The key principle is that visuals should supplement the text, not substitute for it. In your narrative, direct the reader's attention to the visual ("Figure 2 illustrates the positive correlation between...") and then articulate the key takeaway. Avoid the pitfall of including a graph that simply repeats what you said in a sentence. Instead, use visuals to display data patterns that are cumbersome to describe verbally or to provide a reference point for detailed statistical output. Ensure all visuals adhere to your institution's formatting guidelines and scholarly conventions for your field.
What to Exclude: Maintaining a Focus on Findings
Perhaps the most critical discipline in writing the results chapter is knowing what to leave out. This chapter is for reporting findings, not interpreting them. Therefore, you must actively restrain interpretation. Do not speculate on why a result turned out a certain way, compare your findings to prior studies, or discuss the broader implications of your data. Save that crucial work for the discussion chapter.
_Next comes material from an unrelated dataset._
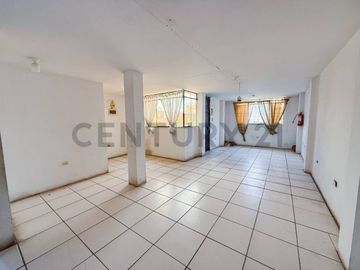 ¡TU NUEVO HOGAR TE ESPERA! VENTA DE AMPLIA CASA EN URB. LUCYANA, CARABAYLLO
Similarly, avoid recounting methodological steps already described in your methods chapter. You may need to briefly remind the reader of a specific test or analysis procedure for clarity, but do not re-describe your survey instrument, interview protocol, or sampling method. Finally, do not present raw data. Your chapter should consist of processed, analyzed, and synthesized results. Appendices are the appropriate place for lengthy transcripts, full survey responses, or massive raw data output.
Common Pitfalls
Data Dumping and Poor Organization: Presenting results in a disorganized stream of statistical output or lengthy, unedited quotes confuses and loses the reader. Correction: Structure every subsection around a single research question. Use subheadings, transitions, and a logical flow from descriptive to inferential, or from theme to supporting evidence, to create a clear narrative path.
Over-Interpreting or Speculating: A common mistake is to begin analyzing the "why" behind a finding in the results chapter. Statements like "This surprising result likely occurred because..." belong in the discussion. Correction: Strictly limit your writing to reporting what you found. Describe patterns, report statistics, and present themes and quotes. Let the data speak for itself here.
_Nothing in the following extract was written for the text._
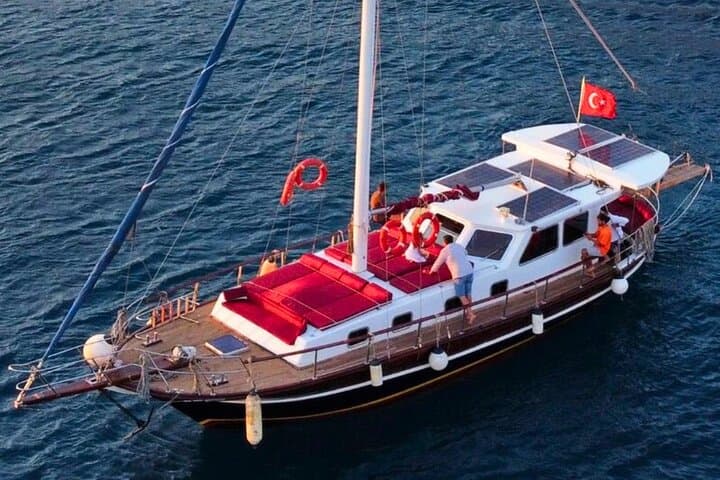 Private Boat Experience in Bodrum Coast with Snorkeling and Coves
Inadequate or Ineffective Visuals: Using a table for two numbers, creating a cluttered and unreadable graph, or failing to reference a figure in the text undermines its utility. Correction: Only use a visual if it adds genuine clarity or efficiency. Design it for readability, ensure it is correctly labeled, and always discuss its main message in your narrative.
Weak Qualitative Evidence: Presenting themes without sufficient or compelling data excerpts, or using quotes that are trivial and not illustrative, weakens the credibility of your analysis. Correction: Select quotes that are rich, relevant, and representative. Frame each quote with a sentence introducing it and a sentence after it explaining its significance to the theme.
Summary
- The results chapter is a factual report of your findings, organized systematically by your research questions or hypotheses to provide a clear narrative.
- For quantitative studies, report descriptive statistics, checks of statistical assumptions, and inferential test results—always including effect sizes to convey practical significance.
- For qualitative studies, present identified themes with clear definitions and support each theme with carefully selected, relevant data excerpts like quotes, followed by minimal explanatory commentary.
- Use tables and figures to present complex data efficiently, ensuring they are well-designed, properly titled, and referenced in the text.
- Maintain a disciplined focus on reporting what you found; rigorously avoid interpreting, speculating on, or discussing the implications of your results in this chapter.